____ Dataset content

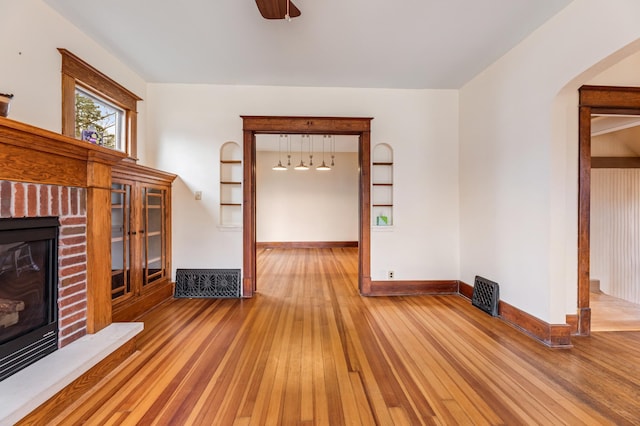 unfurnished living room featuring baseboards, a fireplace, hardwood / wood-style floors, and arched walkways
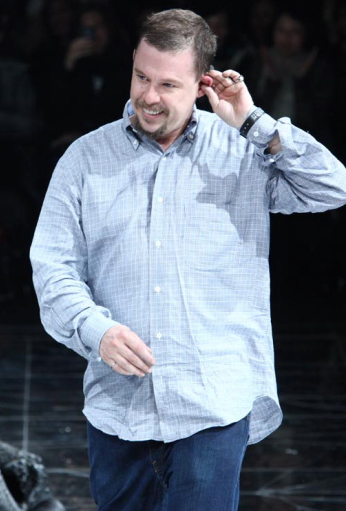 Alexander McQueen in a light blue shirt at his fall 2009 collection.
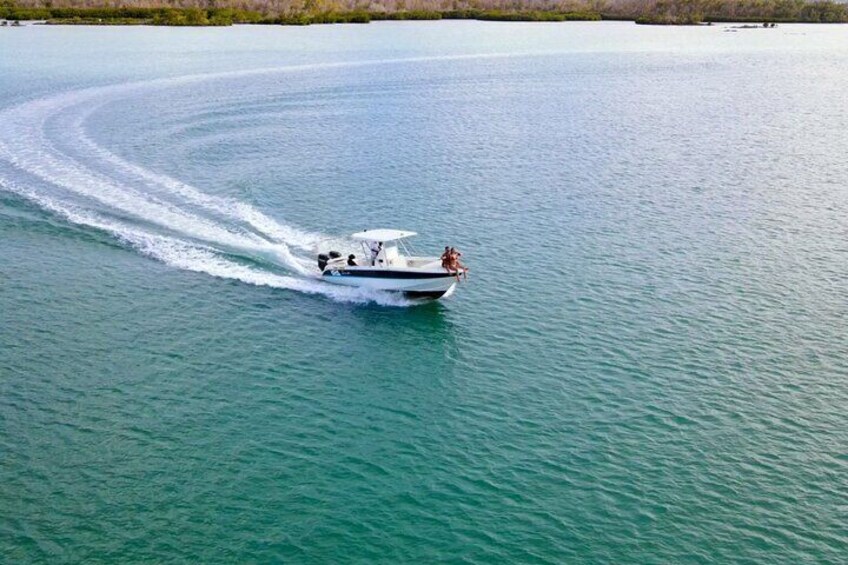 A speedboat with two people on board moving across a calm body of water. 1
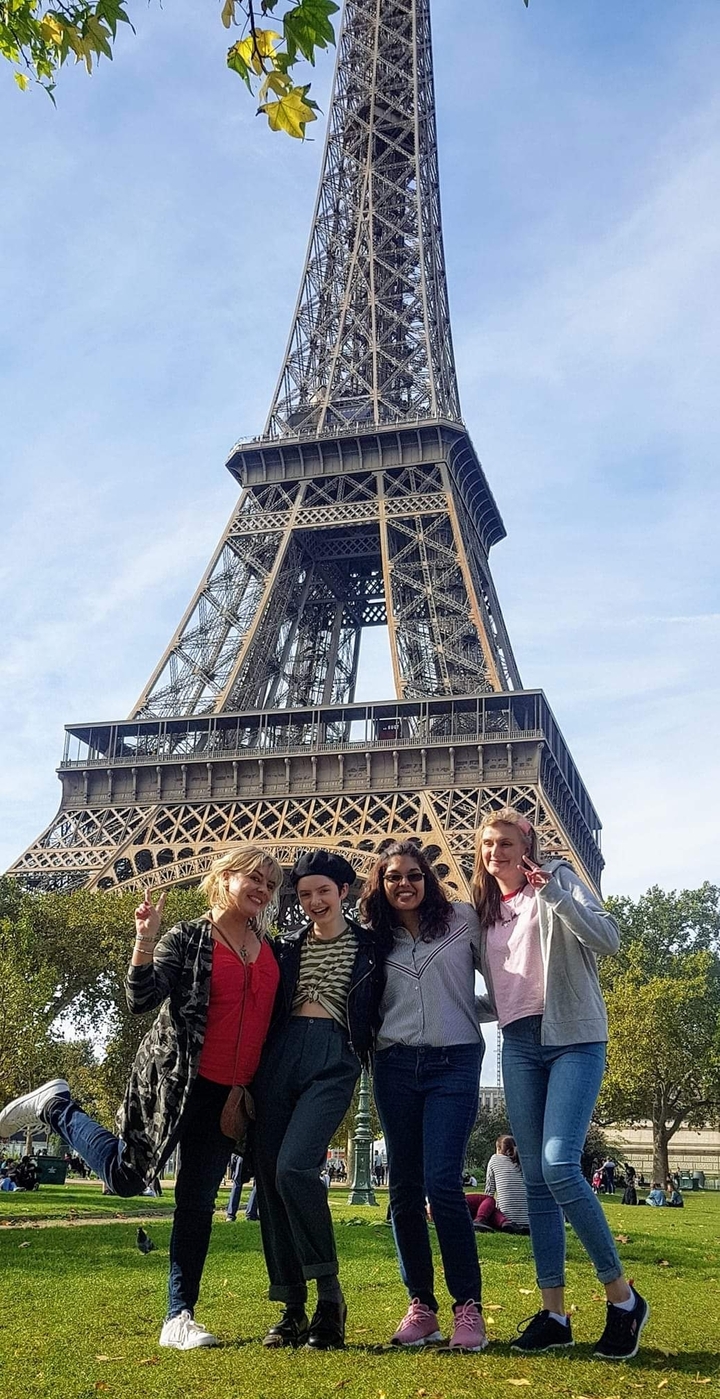 Groupe de personnes posant avec la Tour Eiffel en arrière-plan
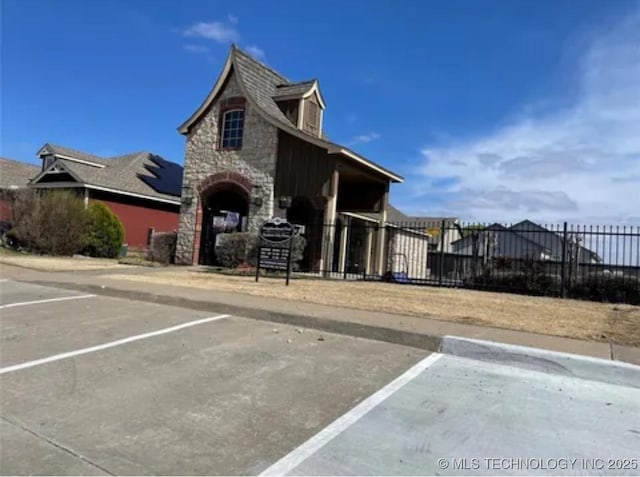 exterior space featuring stone siding, uncovered parking, and fence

________

◆ What is expected: Write the lines from the line containing "Groupe de personnes" through the last line of the data out again exactly, and only those lines; pictures stay out.

◆ Written response:
 Groupe de personnes posant avec la Tour Eiffel en arrière-plan
 exterior space featuring stone siding, uncovered parking, and fence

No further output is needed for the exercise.